Blair had denied it, of course. Even after some fairly persuasive questioning.

And that’s when Gregg had gone AWOL. From Zero Unit, its handlers within CIA, and the whole damn world. It
had
been a setup, no doubt about it. But
he’d
been the one set up, to take the fall if Zero Unit’s involvement in a prominent American scientist’s kidnapping was ever discovered. If caught, there was no doubt in his mind that he’d fall victim to CIA’s usual tactic for ridding itself of an inconvenient operator—he’d disappear without a trace, to rot his life away in some stinking foreign political prison without the benefit of a trial. He’d seen it happen before, and it wasn’t pretty.

He must figure out who was really behind this. And soon.

“I guess you can’t be sure I wasn’t involved,” he admitted. “But I’d hoped you knew me better than to believe it.”

He’d spent the entire three remaining months she was missing trying to find her. Which hadn’t been easy. He’d been branded a deserter—though technically he wasn’t, because Zero Unit was not part of the military—and worse, the terrorists’ accomplice. Even now his face was plastered across every MP and law enforcement office’s Most Wanted board, not to mention every ZU operator, CIA officer, and Interpol agent in the world was looking for him. Tough to move around under those circumstances, even with Tommy and his other CIs helping him.

In the end, when he’d finally found a solid lead on who might have taken Gina and where she was being held, he’d been forced to phone it in anonymously to DHS because his own hands had been so severely tied. He hadn’t wanted her to spend one more minute with those al Sayika scumsuckers because of his own inability to mount a rescue.

Head bowed, she studied the bowl of soup before her. “How can I believe anything you say?” she quietly asked. “You’ve lied to me about everything—
everything
—from the moment we met.”

His heart squeezed. He opened his mouth to deny it, then snapped it shut. Lying was a way of life when you worked for the Agency. They’d met because she’d been his assignment. He’d been sent to stop her asking some very inconvenient questions about a woman who’d disappeared in conjunction with one of their covert operations. But once he’d seen her, talked to her, kissed her, made love to her . . .

“Our intimate relationship was not a lie,” he denied tightly.

She looked up. Accusation again swam in her big brown eyes. “Wasn’t it?”

“No
.

He pushed off the counter angrily, and she jumped, knocking her chair over as she surged to her feet and backed away from him in fear.

Fuck it
. He couldn’t take this another minute.

He stopped, exhaled, and said, “Eat your soup before it gets cold, then get some rest. I’m going out for a while.”
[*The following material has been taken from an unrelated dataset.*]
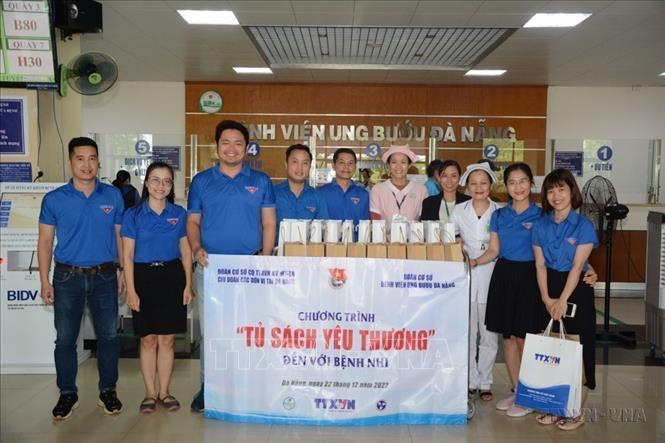 Chi Đoàn các đơn vị tại Đà Nẵng (Đoàn cơ sở Cơ quan TTXVN khu vực Miền Trung - Tây Nguyên) phối hợp cùng Đoàn cơ sở Bệnh viện Ung Bướu, Đoàn cơ sở Bệnh viện Đà Nẵng tổ chức chương trình trao tặng “Tủ sách yêu thương đến bệnh nhi”. Ảnh: Văn Dũng - TTXVN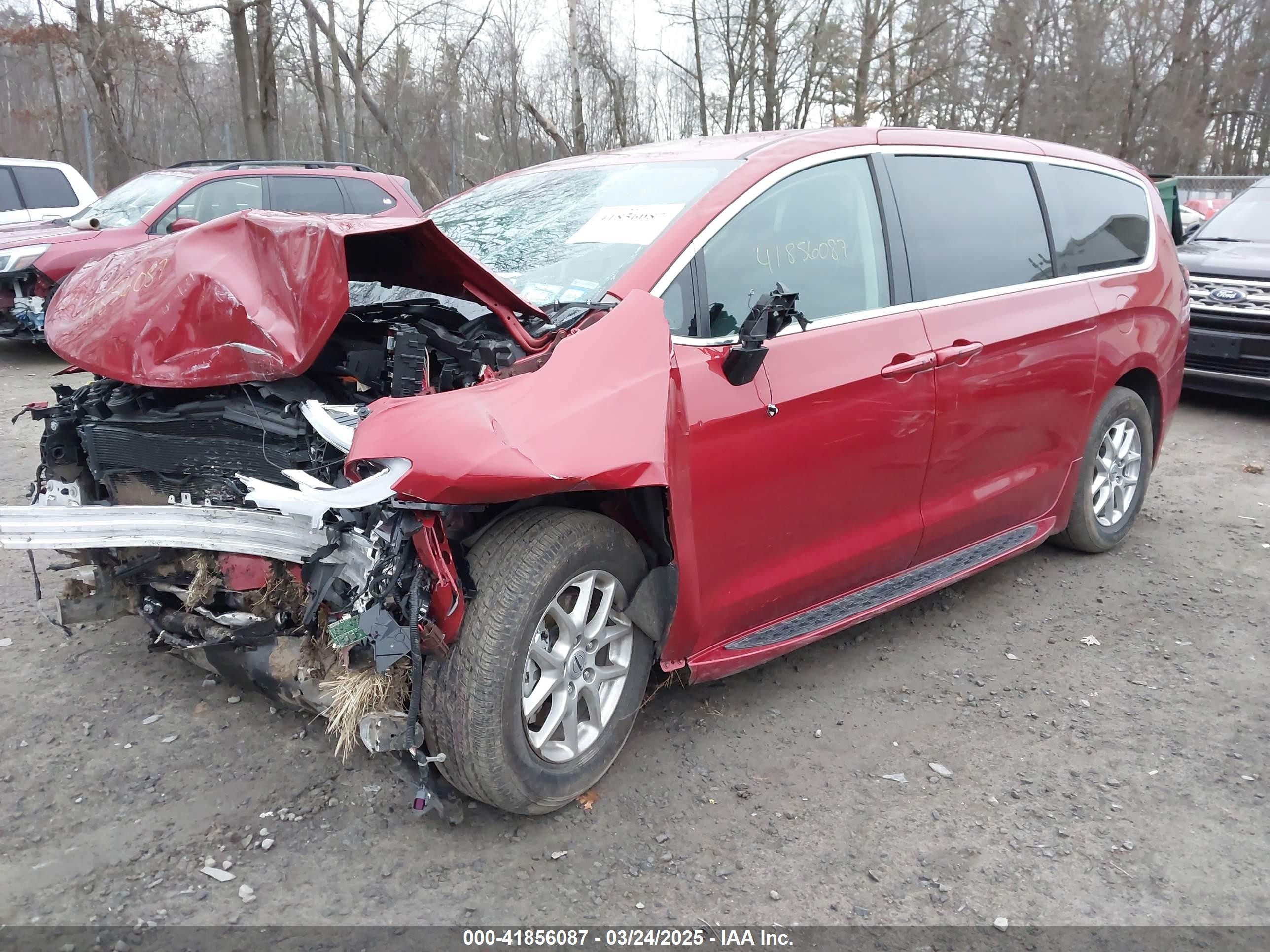 2024 Chrysler Pacifica Touring L Красный vin: 2C4RC1BG8RR170608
He felt her eyes on his back as he retrieved his spare weapon—a Beretta with the serial numbers filed off—from the bedroom and tucked it into an ankle holster. His SIG Sauer P226 Elite was already in its usual spot—in the front of his waistband under his T-shirt. Sliding on his black leather jacket, he grabbed his keys and went to the door. “I’m locking this from the outside,” he said. “There isn’t another key, so don’t bother tearing the place apart searching. But help yourself to whatever else you want.”

With that, he left the apartment, turning the key in the lock behind him with a firm
snick
.

Christ
.

It took him all four flights of stairs going down to the street to master his anger. Not anger at her. Anger at himself. That he’d gotten into this ludicrous situation in the first place. If he’d only just done his job—seduced her to shut her up as ordered, then walked away when the deed was done—and not gotten emotionally involved. Not let himself fall for her body and grow dependent on her adoration, not start to think maybe, just maybe, he’d finally met a woman whose warmth and love could banish the perpetual coldness in his heart . . .

Fuck it
.

None of that mattered now. His foolish, uncontrolled foray into the realm of emotions was over. All that mattered was keeping Gina safe from those who would harm her.